Ok guys, I will try to make this question as simple as possible (I am struggling to discover the problem for few days now):
I have this function
function readContent($url, $sessionId)
{
$ch = curl_init();
curl_setopt($ch, CURLOPT_URL, $url);
$cookiesFile = realpath(__DIR__.'/cookies/'.$sessionId.'.txt');
if(file_exists($cookiesFile))
{
curl_setopt($ch, CURLOPT_COOKIEFILE, $cookiesFile);
curl_setopt($ch, CURLOPT_COOKIEJAR, $cookiesFile);
}
//DEBUG------------------------------------------------------------------
$debugFile = fopen(__DIR__.'/debug/'.$sessionId.'.txt', 'w');
curl_setopt($ch, CURLOPT_VERBOSE, true);
curl_setopt($ch, CURLOPT_STDERR, $debugFile);
//-----------------------------------------------------------------------
curl_setopt($ch, CURLOPT_RETURNTRANSFER, true);
curl_setopt($ch, CURLOPT_FOLLOWLOCATION, true);
curl_setopt($ch, CURLOPT_USERAGENT, $_SERVER['HTTP_USER_AGENT']);
try
{
$output = curl_exec($ch);
$httpCode = curl_getinfo($ch, CURLINFO_HTTP_CODE);
if($httpCode == 200)
{
file_put_contents(__DIR__.'/contents/'.$sessionId.'.html', $output);
curl_close($ch);
preg_match_all('/<[\s]*meta[\s]*http-equiv="?REFRESH"?' . '[\s]*content="?[0-9]*;[\s]*URL[\s]*=[\s]*([^>"]*)"?' . '[\s]*[\/]?[\s]*>/si', $output, $match);
if (isset($match) && is_array($match) && count($match) == 2 && count($match[1]) == 1)
{
return readContent(str_replace('&', '&', $match[1][0]), $sessionId);
}
}
}
catch(Exception $e)
{
return false;
}
}
And it does 3 requests (logs from STDERR file):
GET /redacted/ HTTP/2
Host: redacted.coom
accept: */*
< HTTP/2 302
< location: https://redacted.com/location1/
* Added cookie redacted="redacted" for domain redacted.com, path /, expire 1634127679
< set-cookie: redacted=redacted; path=/; expires=Wed, 13 Oct 2021 12:21:19 GMT; SameSite=Lax
multiple set-cookie / added cookie follows...
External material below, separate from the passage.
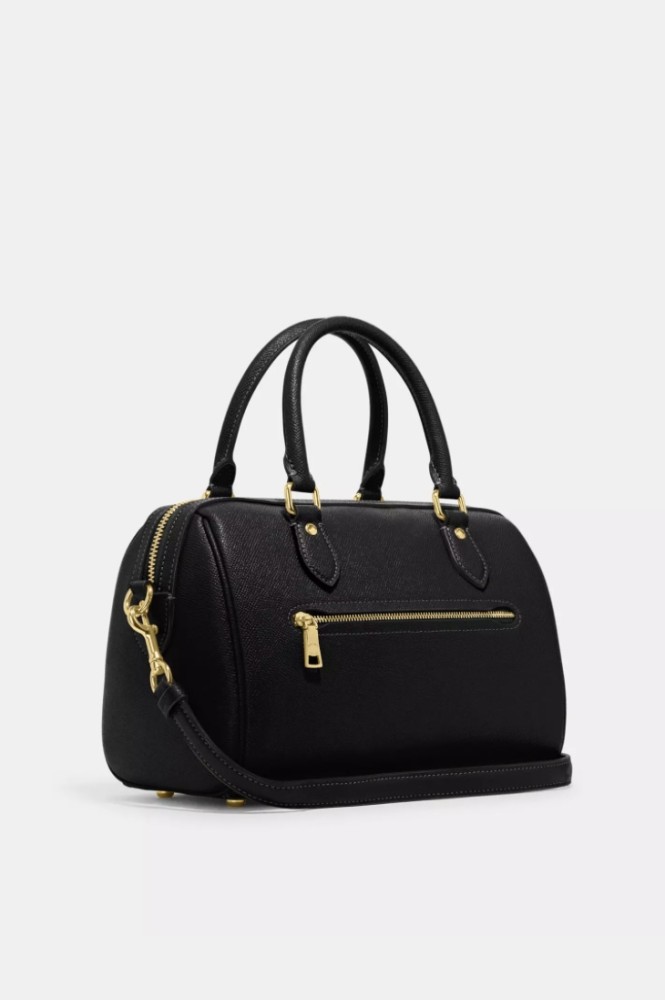 Rowan Satchel In Signature Canvas -Coach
So this first request, is done without any cookie, but it set multiple cookies in the COOKIEFILE/COOKIEJAR. Once CURL follows the location specified on request answer, it sends all cookies set:
* Ignoring the response-body
* Connection #0 to host redacted.com left intact
* Issue another request to this URL: 'https://redacted.com/location1/'
> GET /location1/ HTTP/2
Host: redacted.com
accept: */*
cookie: redacted=redacted;redacted=redacted;redacted=redacted......
< HTTP/2 200
This second request, returns 200 OK with META REFRESH in html body. As you see in the function, if it detects 200 with META REFRESH regex, the function self calls passing the URL on META REFRESH. And it goes to the 3rd request, but this time, it sends only 1 cookie
> GET /location1/?from_meta_refresh=1 HTTP/2
Host: redacted.com
accept: */*
cookie: redacted=redacted
This is an invalid request for this page, because it require another cookies that were set and are on CURLOPT_COOKIEFILE, but aren't sent. This only cookie sent, is the last line on the COOKIEFILE. I thought it may be some parameter on cookie like domain/folder/secure but I noted that have another cookie on the file, with the exact same parameters, and not sent on this request:
redacted.com FALSE / FALSE 1634128519 not_sent redacted
redacted.com FALSE / FALSE 1634128519 sent redacted
Please, help!
CodePudding user response:
For some unknown reason, PHP Curl doesn't save the cookies to COOKIEJAR file when you call curl_close(). So I needed to save the cookies before close, using:
curl_setopt($ch, CURLOPT_COOKIELIST, 'FLUSH');
After this, the cookies were available for the next request.